Il y a une seule race humaine : la science et la Bible sont unanimes sur ce point. « Tous les hommes naissent égaux en dignité et en droit », dit la Déclaration universelle des droits de l’homme. Tous les humains partagent le même génome, à 99,9 %. Il y a autant de différences génétiques entre deux personnes de la même origine ethnique qu’entre personnes d’origines différentes. Il y a bien des différences de culture et d’aspect physique, mais, en Adam, nous formons une seule et même humanité, créée à l’image de Dieu.
Cette vérité est fondamentale. Et l’Église, composée d’hommes et de femmes de toutes origines, est tout particulièrement appelée à porter ce message au monde.
« Tu aimeras ton prochain comme toi-même », nous dit Jésus. Quand un religieux veut ergoter là-dessus, le Seigneur lui donne en exemple un étranger, un mécréant, un Samaritain ! Quand nous avons en face de nous un étranger, un musulman, un Noir, un Blanc, un Juif, un Antillais, un Haïtien, nous n’avons pas le choix : nous devons l’aimer comme nous-mêmes, et faire pour lui ce que nous voudrions qu’il fasse pour nous . C’est Jésus qui le dit ! (Lc 6.31).

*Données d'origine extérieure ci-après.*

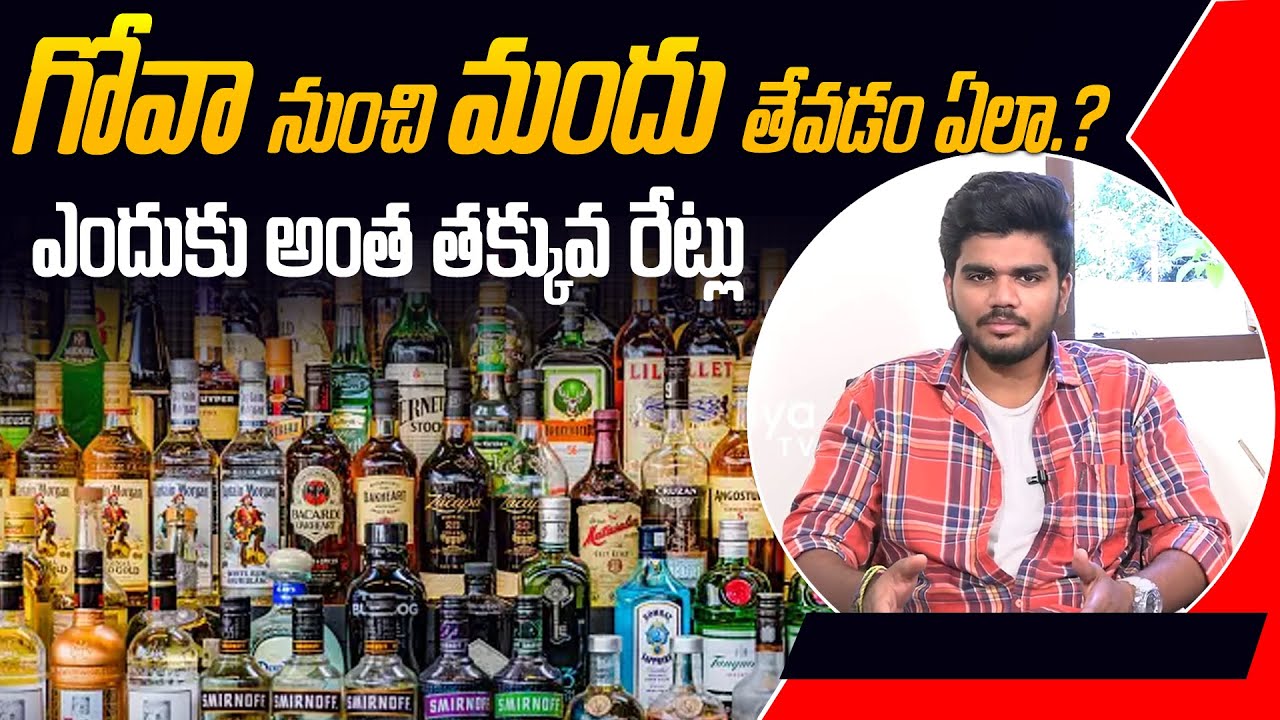How To Bring Liquor From Goa Goa Liquor Prices Why Is Liquor Price How To Bring Liquor From Goa Goa Liquor Prices Why Is Liquor Price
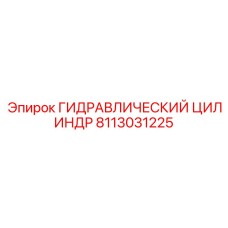 8113031225 ГИДРАВЛИЧЕСКИЙ ЦИЛИНДР Epiroc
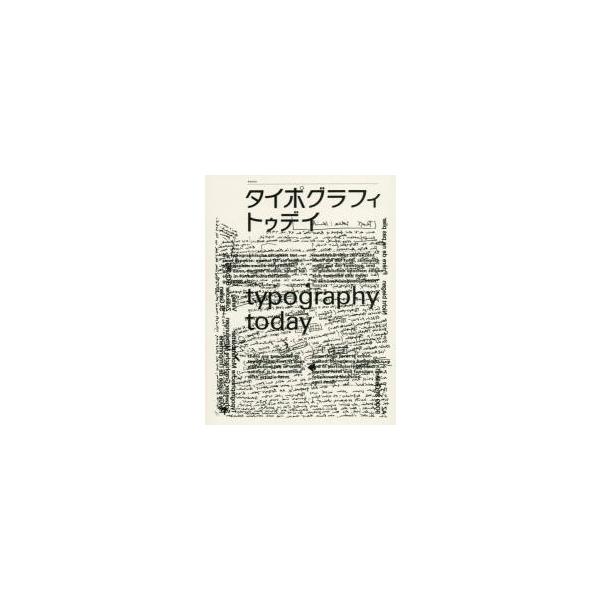 タイポグラフィ・トゥデイ　増補新装版 / Ｈ．シュミット　編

Il y a bien sûr des différences entre l’orientation de notre vie personnelle et la gestion d’un pays, entre l’éthique et la politique. « Le rôle des Églises est d’appeler à la générosité, le rôle des États est d’organiser la solidarité… d’organiser les flux migratoires », écrit le théologien Antoine Nouis(*). Les États doivent souvent gérer l’ingérable. Mais notre attitude de chrétiens doit rester fondée sur l’enseignement de Jésus. Nous avons à être de bons Samaritains pour notre prochain.
Ce que nous pouvons faire pour la personne que Dieu place sur notre route, faisons-le. Combattons les discours de haine. Refusons les blagues racistes. Demandons à ceux que nous avons élus de simplifier les démarches administratives et de faciliter une véritable intégration. Explorons les différentes cultures et soyons prêts à cheminer avec ceux qui sont différents de nous.
En paroles et en actes, notre amour est appelé à témoigner à tous de l’Évangile qui réconcilie les peuples. ■
Antoine Nouis, Réforme n° 4049 du 27 juin 2024, p. 10.